Data science and women's cycling (and interactive graphs!)

Hi! I’m a 3rd time Zwift Academy participant excited to get ready for another round in this wonderful community. :blush: I’m also a self-professed data nerd and recently did some analysis on the demographics of the elite women’s peloton using data I found on the UCI website and wrote it up into a blogpost complete with interactive graphs that might be of interest to other people here. :chart_with_upwards_trend::bar_chart: Check it out!
https://ameliabarber.netlify.com/2019/08/04/data-sciencing-womens-cycling-pt-1/

(Unfortunately due to the interactive plots I don’t think it will display super well on mobile devices. So sorry in advance for that).

Update: I did a followup post looking at the relationship between rider ranking, age, and number of years as a pro that can be found here.

Looking forward to another great year in the supportive community that is the Zwift Women’s Academy

Amelia

6 Likes

Wow that blog post looks epic!! Great effort. My first thought was “did you use R?” !

I’m just completing the Microsoft Data Science Specialisation at edX. I took the Python track rather than R (because I want to progress to TensorFlow). Did you find R easy to learn?

You’ve posted the mean years, do you know the median for “How many years do women stay in the peloton?” It must be close to 1 !!

Ride On!

2 Likes

Hi Amelia - I really enjoyed your post, its so hard to find consolidated info on women’s cycling, so thnsk for putting it together.

Good luck with the rest of the academy!

1 Like

Thanks for the kind words and sorry for the delayed response! I guess I have notifications turned off :thinking:

The median number of years is 2 for a female pro to stay in the peloton, which I still found surprisingly low. I also have the data for male riders on UCI teams of all tiers (World Tour, Pro Continental, and Continental) during the same time period and looked real quick and found that the median for male pros is also 2 seasons, but the mean to be higher at 3.39 seasons.

I am relatively new to data science having just started learning R in December, but found it very intuitive thanks to the Tidyverse packages. I’m trying to teach myself the Python data science suite in my free time, but I keep shoving it to the back burner to work on projects like this :wink:.

Thanks Rebecca :blush:

I hope to do some more posts regarding women’s pro cycling, so stay tuned!

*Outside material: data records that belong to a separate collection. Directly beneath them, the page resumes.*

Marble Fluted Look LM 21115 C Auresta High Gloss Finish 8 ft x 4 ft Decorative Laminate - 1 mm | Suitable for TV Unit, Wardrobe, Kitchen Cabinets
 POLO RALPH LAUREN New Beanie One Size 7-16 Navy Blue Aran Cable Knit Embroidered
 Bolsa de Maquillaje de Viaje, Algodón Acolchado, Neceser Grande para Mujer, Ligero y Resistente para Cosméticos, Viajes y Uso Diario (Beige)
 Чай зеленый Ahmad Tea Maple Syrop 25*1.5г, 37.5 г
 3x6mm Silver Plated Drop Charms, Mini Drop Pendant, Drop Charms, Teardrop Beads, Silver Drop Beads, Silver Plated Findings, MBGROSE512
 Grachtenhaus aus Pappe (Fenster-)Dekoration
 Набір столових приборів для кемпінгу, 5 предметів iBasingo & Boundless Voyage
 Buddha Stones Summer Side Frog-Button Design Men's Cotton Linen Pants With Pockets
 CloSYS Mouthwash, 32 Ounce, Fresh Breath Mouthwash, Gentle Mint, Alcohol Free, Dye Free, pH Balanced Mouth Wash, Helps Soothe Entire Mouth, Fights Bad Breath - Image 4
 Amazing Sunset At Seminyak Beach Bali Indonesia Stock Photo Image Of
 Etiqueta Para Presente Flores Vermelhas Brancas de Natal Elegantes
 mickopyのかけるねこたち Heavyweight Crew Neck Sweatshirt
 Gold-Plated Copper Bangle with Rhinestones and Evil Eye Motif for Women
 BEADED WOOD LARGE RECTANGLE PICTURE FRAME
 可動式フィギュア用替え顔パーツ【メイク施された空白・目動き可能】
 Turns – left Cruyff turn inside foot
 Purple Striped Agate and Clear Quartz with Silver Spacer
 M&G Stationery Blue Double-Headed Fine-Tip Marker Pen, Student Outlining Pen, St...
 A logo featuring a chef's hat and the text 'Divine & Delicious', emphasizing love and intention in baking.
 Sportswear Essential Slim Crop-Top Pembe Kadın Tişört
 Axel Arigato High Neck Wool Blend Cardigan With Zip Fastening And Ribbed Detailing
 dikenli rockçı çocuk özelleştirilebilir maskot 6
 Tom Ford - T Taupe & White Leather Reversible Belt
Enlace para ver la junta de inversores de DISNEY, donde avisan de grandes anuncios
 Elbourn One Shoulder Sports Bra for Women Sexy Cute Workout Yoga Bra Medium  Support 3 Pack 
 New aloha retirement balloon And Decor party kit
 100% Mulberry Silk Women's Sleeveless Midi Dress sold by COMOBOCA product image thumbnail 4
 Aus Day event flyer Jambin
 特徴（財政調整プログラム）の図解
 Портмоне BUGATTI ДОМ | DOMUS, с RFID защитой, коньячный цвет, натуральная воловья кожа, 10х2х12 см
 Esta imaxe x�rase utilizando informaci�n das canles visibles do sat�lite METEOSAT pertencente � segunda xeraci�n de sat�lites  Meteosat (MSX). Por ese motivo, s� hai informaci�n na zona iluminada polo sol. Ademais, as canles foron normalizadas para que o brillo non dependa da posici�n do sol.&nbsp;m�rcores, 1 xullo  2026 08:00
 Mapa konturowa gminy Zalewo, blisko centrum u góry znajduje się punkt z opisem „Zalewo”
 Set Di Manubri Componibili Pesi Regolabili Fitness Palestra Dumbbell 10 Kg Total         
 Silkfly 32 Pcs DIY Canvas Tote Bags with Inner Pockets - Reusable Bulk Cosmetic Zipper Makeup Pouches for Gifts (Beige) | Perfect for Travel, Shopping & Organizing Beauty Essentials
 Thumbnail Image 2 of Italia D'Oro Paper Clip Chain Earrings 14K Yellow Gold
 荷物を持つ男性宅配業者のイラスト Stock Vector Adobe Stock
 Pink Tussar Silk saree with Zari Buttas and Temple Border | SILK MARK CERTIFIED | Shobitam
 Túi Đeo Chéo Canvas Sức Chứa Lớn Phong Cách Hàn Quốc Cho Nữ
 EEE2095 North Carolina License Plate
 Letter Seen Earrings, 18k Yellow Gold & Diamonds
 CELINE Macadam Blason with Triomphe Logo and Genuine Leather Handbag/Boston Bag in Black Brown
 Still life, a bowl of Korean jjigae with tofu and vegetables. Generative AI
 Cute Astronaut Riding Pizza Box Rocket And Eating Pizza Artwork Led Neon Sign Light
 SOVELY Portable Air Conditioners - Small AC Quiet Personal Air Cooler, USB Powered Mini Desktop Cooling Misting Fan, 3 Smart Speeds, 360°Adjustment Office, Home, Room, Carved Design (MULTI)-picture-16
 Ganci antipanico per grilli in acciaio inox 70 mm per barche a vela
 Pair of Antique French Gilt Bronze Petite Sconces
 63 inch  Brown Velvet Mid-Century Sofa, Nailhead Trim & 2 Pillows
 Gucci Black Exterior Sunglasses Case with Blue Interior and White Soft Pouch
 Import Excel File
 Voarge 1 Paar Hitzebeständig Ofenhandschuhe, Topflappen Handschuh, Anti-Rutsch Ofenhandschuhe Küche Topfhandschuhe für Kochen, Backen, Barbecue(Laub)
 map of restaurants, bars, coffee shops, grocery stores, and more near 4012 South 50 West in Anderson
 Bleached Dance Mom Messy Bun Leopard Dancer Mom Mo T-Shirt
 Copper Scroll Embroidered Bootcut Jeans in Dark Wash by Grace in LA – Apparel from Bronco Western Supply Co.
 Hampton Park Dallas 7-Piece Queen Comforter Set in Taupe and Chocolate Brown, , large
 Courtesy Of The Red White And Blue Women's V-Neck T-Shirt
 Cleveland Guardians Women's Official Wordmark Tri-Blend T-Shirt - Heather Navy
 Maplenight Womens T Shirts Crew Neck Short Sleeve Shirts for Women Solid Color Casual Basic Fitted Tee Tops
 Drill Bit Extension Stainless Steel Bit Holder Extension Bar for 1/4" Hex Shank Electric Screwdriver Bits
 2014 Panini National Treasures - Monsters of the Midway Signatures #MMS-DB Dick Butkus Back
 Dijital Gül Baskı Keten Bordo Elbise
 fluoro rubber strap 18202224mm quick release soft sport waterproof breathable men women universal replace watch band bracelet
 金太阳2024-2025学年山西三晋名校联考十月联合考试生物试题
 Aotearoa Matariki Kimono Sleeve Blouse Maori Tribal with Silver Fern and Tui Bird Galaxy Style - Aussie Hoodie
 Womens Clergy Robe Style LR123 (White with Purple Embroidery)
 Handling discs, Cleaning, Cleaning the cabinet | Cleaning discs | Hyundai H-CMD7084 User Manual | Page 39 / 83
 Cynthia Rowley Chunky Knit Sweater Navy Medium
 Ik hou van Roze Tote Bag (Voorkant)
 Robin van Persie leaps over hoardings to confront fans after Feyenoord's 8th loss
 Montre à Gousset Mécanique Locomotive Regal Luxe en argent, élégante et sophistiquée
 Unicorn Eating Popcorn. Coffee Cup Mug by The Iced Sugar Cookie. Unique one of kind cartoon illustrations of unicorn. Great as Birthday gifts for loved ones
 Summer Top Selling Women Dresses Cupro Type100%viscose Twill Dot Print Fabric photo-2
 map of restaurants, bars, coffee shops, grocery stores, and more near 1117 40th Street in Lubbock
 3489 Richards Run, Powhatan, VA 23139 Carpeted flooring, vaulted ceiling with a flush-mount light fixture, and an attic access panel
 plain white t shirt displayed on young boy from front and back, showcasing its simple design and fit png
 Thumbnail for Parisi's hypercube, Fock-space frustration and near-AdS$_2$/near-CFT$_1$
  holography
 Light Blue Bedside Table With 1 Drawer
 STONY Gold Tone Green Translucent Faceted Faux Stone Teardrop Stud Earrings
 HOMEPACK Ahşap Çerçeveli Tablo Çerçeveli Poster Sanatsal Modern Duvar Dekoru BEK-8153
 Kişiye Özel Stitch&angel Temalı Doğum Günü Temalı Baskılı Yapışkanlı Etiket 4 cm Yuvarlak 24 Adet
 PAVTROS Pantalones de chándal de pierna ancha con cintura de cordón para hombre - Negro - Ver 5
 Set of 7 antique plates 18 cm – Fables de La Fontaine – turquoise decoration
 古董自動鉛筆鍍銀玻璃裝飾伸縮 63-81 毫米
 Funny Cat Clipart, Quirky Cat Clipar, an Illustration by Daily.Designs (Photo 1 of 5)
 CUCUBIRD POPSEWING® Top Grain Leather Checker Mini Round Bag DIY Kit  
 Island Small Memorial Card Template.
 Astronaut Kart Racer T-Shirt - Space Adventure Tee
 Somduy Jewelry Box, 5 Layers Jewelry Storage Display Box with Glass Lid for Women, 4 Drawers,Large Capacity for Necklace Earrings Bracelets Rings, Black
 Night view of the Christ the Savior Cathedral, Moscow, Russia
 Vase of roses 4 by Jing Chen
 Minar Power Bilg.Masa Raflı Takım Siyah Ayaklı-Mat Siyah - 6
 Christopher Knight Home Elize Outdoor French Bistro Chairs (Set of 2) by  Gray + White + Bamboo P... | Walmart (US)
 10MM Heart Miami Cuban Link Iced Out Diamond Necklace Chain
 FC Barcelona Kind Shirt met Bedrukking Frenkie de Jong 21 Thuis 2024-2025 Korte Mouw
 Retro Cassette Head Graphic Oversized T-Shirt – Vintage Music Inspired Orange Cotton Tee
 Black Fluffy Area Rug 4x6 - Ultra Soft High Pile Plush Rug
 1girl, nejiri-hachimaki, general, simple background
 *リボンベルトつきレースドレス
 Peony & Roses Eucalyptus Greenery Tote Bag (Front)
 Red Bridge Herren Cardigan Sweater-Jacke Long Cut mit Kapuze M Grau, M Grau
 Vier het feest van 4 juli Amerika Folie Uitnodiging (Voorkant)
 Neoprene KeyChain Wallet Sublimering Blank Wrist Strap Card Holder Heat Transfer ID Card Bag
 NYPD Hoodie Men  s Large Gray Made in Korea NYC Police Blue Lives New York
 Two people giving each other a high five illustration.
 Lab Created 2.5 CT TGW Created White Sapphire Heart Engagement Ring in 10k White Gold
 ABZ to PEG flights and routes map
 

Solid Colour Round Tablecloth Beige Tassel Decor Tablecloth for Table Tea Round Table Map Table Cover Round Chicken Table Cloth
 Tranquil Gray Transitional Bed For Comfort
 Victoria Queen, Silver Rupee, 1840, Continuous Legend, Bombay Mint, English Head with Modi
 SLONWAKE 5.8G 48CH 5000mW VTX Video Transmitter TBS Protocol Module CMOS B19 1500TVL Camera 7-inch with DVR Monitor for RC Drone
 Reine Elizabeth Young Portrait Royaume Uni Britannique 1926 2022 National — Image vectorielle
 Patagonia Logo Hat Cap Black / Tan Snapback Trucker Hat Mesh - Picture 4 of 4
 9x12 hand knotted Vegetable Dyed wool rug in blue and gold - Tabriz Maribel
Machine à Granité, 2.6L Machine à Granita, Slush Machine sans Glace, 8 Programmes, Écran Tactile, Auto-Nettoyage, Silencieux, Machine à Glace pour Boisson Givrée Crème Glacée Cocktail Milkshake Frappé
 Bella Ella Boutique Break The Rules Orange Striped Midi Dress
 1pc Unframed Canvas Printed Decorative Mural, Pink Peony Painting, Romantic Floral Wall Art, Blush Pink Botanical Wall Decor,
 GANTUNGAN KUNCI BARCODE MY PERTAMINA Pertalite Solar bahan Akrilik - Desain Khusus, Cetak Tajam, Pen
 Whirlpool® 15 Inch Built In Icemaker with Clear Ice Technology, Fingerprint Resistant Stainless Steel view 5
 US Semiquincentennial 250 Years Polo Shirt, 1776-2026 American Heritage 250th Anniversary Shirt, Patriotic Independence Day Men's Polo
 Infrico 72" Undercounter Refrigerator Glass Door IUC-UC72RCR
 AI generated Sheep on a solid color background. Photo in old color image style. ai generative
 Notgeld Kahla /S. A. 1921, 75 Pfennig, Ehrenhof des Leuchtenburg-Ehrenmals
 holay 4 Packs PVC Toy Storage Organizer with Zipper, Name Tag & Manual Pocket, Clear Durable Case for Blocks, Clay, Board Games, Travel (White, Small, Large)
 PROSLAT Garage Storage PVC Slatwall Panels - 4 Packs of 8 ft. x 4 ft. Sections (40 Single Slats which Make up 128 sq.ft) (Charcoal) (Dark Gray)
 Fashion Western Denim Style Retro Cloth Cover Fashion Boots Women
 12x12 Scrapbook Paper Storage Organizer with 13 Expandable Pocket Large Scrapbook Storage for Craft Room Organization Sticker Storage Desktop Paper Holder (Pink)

Ok thanks for that. Could you tell me roughly how long the visualisations took to create with R? I’m assuming the ETL were all straightforward because the data could be downloaded from the UCI website. The data science truism is that data preparation takes 80% of the total time. So if that part is taken care of when good quality data is supplied, how long do R visualisations like yours take to create? Python is hard work (but I’ve heard R is tougher!)!

The data from the UCI was very clean and required very minimal wrangling and error correction on my part, which was a pleasant surprise. As far as how long the visualizations took - are we including exploring the data and messing around with multiple options to find the best way to visualize a particular figure – or just writing the code for the finished product? Because those are two very different things, at least for me. I’m not even sure I can give you an accurate estimate of how much time the post took. It was spread in 1-2 hour increments in my free time over two weeks, but let’s say upwards of 15 hours worth of work from downloading the data to hitting publish?

Some visualizations, like tracking of the number of cyclists over the last 15 years took only a few minutes to create. Others, like the interactive map, were a much bigger time investment because I didn’t have much prior experience with geospatial visualization and the UCI used a different country abbreviation system than the base map that’s easily accessible by ggplot (my plotting package). This was also my first time using plotly which is able to transfer a lot of the R/ggplot syntax and features, but not all of it, so some of time was spent learning how to add annotations and control aesthetics in plotly.

I actually think visualizations in R are pretty easy (and highly customizable) thanks to ggplot and its ability to build plot layers, but I’m biased because that’s the system I have spent the most time on. At the end, you can probably create the same figure in similar time with both R and python if you know what you are doing.

Ok thanks for letting me know the time involved to use R for these visualisations Amelia. Sounds like it takes about the same amount of time as Python. I don’t have any coding-language-buyers-remorse now! Ride On!